A éstos, Judas los llama “murmuradores querellosos, que andan según sus propios deseos, cuya boca habla cosas infladas” (ver. 16).



Me detengo aquí, en la palabra inflación, porque entra de lleno en lo que conocemos como maledicencia: “Hablar mal de una persona aunque lo que se diga sea verdad”. (Enciclopedia Británica). El supuesto mal del otro se inflama, se amplia, se convierte en desbordada murmuración. Un amigo mío de años, ya fallecido, Félix Benlliure, me contaba que cuando otro se le acercó a murmurar de un tercero, le cortó y le dijo: “No creo nada de lo que estás diciendo, pero aunque fuera verdad todo eso, no tienes derecho a divulgarlo”.



Bello ejemplo. Hemos de frenar la maledicencia.



El libro apócrifo titulado Eclesiástico, que figura en las versiones católicas de la Biblia, nada que ver con el Eclesiastés de Salomón, tiene en su capítulo 28 un largo pasaje sobre la lengua murmuradora, a la que llama “la tercera lengua”. Dice que la lengua murmuradora mata a tres: “Al calumniador, al calumniado y al que cree la calumnia”.



Todos los murmuradores son seres de negrura interior. Personajes que arruinan vidas, familias, iglesias.



Hemos de huir de la murmuración y de los murmuradores como de la amenaza del león. No darle entrada en el hogar.



En Deuteronomio 1:27 hay una acusación de Dios contra el pueblo hebreo que bien haríamos de tener en cuenta. La acusación dice: “Murmurásteis en vuestras tiendas”.



Cristianos: cuidado con murmurar en la tienda, en el hogar. Siempre me ha preocupado la comida o almuerzo del domingo después del culto. Hay madres y padres que durante la comida critican la reunión de la mañana. Murmuran del predicador, del director de canto, de las oraciones, de todo. Y lo hacen delante de los niños. No tienen en cuenta que aunque sean pequeños sus mentes son esponjas que van absorbiendo cuanto se dice.



El murmurador vive contaminándolo todo. Como Don Juan Tenorio, cuando dice:



A los palacios subí,



A los infiernos bajé.



En todas partes dejé,



Memoria amarga de mí.



Triste memoria.



Nadie se libra de la murmuración. El noble y buen apóstol Juan sufría la maldad de un tal Diótrefes, quien “parloteaba con palabras malignas” contra él (3º de Juan 10).

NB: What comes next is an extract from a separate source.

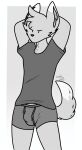 2024 absurd_res adam&#039;s_apple anthro black_nose bulge clothed clothing digital_drawing_(artwork) digital_media_(artwork) fan_character fur generation_5_pokemon grey_body grey_fur hands_behind_head hi_res jspwnco looking_at_viewer male mammal minccino monochrome nintendo pokemon pokemon_(species) shirt signature simple_background sissel_(jspwnco) solo tail tongue tongue_out topwear underwear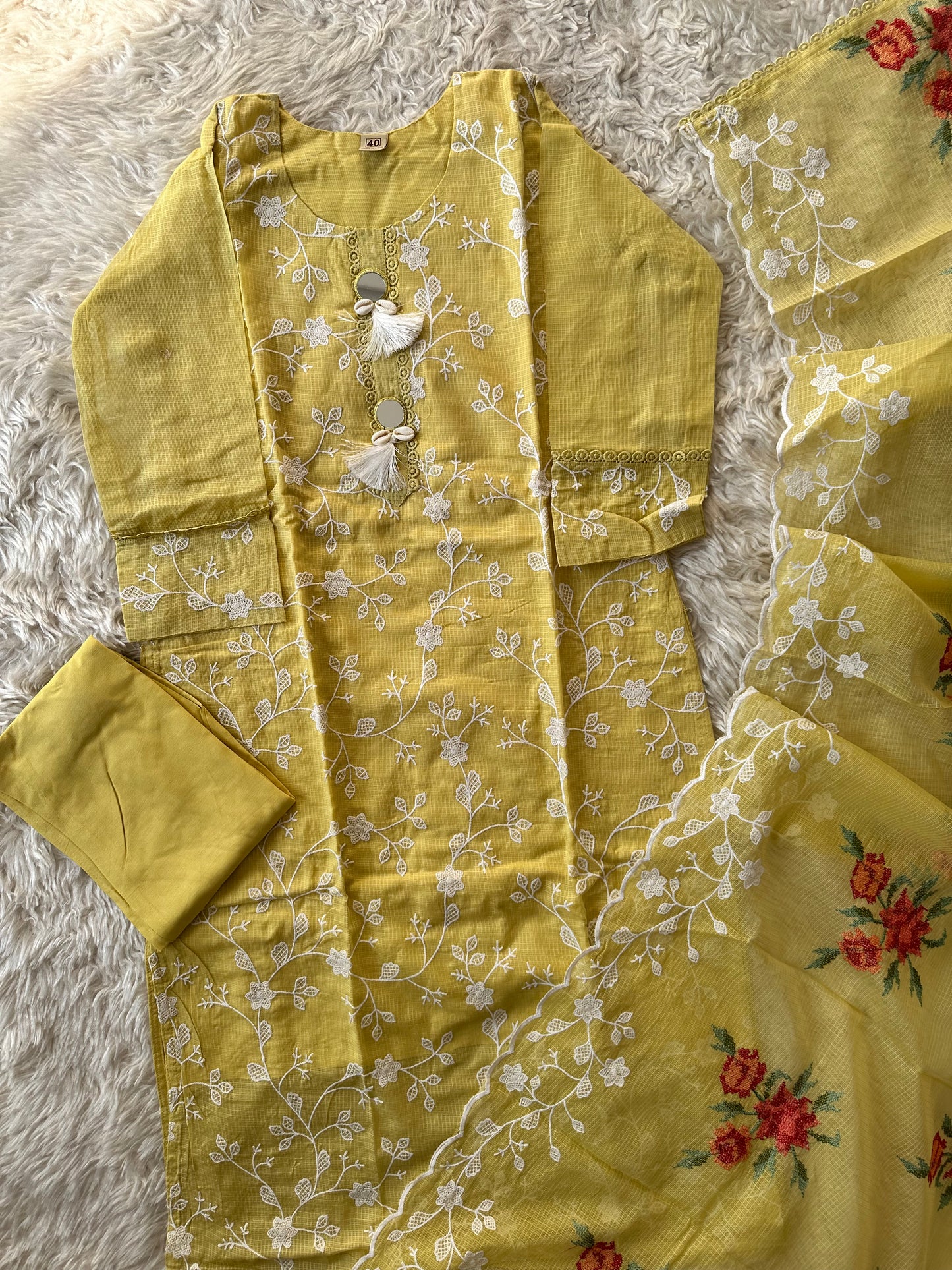 Doriya Love Kurti Pant Paired With Mati Dupatta Set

¿Qué podemos hacer contra los murmuradores? Nada. No podemos hacer nada. Al no querer descender a su terreno, nos llevan ventaja. Ni siquiera Juan, el amado de Jesús, el apóstol del amor, quedó libre de ser murmurado. Ya viejo, con su obra acabada, allí estaba el malvado Diótrefes. Todos tenemos uno o muchos Diótrefes dispuestos a amargarnos la vida. La única solución es ignorarlos y seguir nuestro camino.



En una carpeta donde conservo viejos apuntes encuentro este hecho absolutamente histórico.



Fue en la noche del 26 de abril de 1972. Estaba lloviendo. Yo cenaba solo, en la primera planta del Hotel Park en Barcelona, frente a la estación. Un automóvil Renault 12 dio contra un semáforo existente en la calle y lo derrumbó. En el suelo, bajo la lluvia, el semáforo caído continuaba su trabajo con el relampagueo de luces rojas, ámbar y verdes. Seguía el semáforo, a pesar de su derrumbe, advirtiendo los peligros de tráfico y señalando vía libre. El duro golpe no le hizo desistir de la misión que tenía encomendada.



Aquél incidente del que fui testigo me parece el mejor ejemplo para acabar este artículo. Por muy duros que sean los ataques de los murmuradores contra nosotros, mantengamos nuestra dignidad y perseveremos firmes y fieles en la tarea que aquí tenemos asignada, con los ojos puestos en el Autor y Consumador de nuestra fe: peligro en la calle, vía libre a la eternidad.